Rani Mukherjee: No it’s not true.
Anuradha SenGupta: Are you saying that a really shy person can become an actor?
Rani Mukherjee: I was completely shy. If you ask my father, he will tell you that. In school, my brother was more of an extrovert. He used to dance and be the centre of attention. I was soft spoken and shy. I was really different.
Anuradha SenGupta: The buses have Laaga Chunri Mein Daag posters and I was looking at the cast and wondering ‘Where’s Rani? Why is she not here? And when I turned a little bit more, I see there you are unrecognisable. So is that something exciting when you are having to look different, physically be someone else?
Rani Mukherjee: I believe as an actor when you’re playing a character, half the job is done when you look different. If you look different, you look like the character and people can identify with you bang on. In Yuva I play Sasi. And if Sasi had looked glamorous or very polished, you wouldn’t have identified with the character.
Anuradha SenGupta: How much preparation went into Sasi?
Rani Mukherjee: Half the job was done by Manish Malhotra who did the costumes. He had to wash the saris some hundred times to make it look worn out. And of course Mani (Ratnam) sir didn’t want me to have any make up. So I just looked myself.

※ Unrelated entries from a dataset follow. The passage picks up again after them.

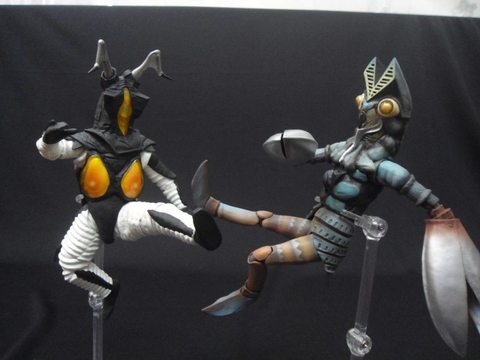 MÔ HÌNH  Ultraman - Zetton - S.H.Figuarts (Bandai) FIGURE CHÍNH HÃNG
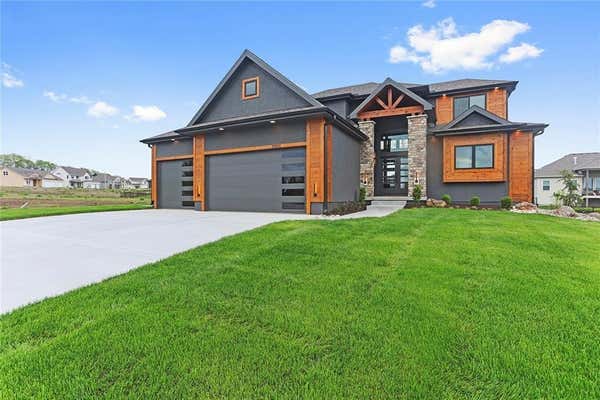 2033 SW RED BARN LN, LEES SUMMIT, MO 64082 - Image 4d14a9072f8701d0307b6df2f051939827fec1c3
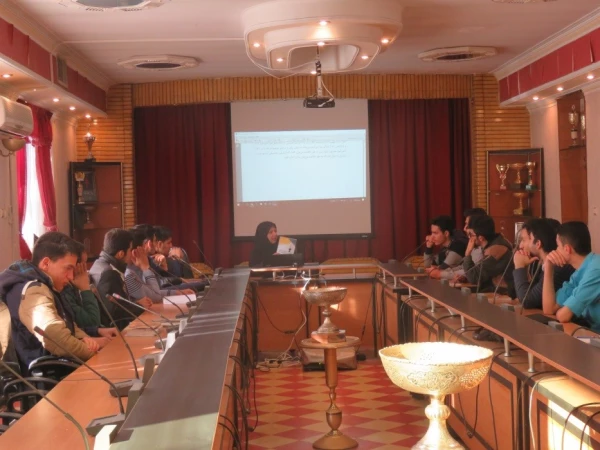 نشست نقد بررسی کتاب چراغ اول 3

Anuradha SenGupta: I’m glad you mentioned Yuva and Sasi because I must admit that out of this big body of work that you have, perhaps that is my all time favourite. That end when you are in that train and he doesn’t make it…
Rani Mukherjee: Actually if I tell you how we shot that scene, you will really laugh. That was my first day of work for the film and I got a call at three in the morning asking me to come. The assistant director gave me the scene and I was the in the car. And at 0330 hrs (IST) I see this huge crowd in Chennai station. And at 0430 hrs (IST), we shoot my most important scene of the film. It was all done quickly because we had the train for just that much amount of time so that we could shoot inside. And the train was so small that we had to go on top of people to reach my mark. It was really funny. I don’t know how it came out. I think it was my sleep that made me look like that.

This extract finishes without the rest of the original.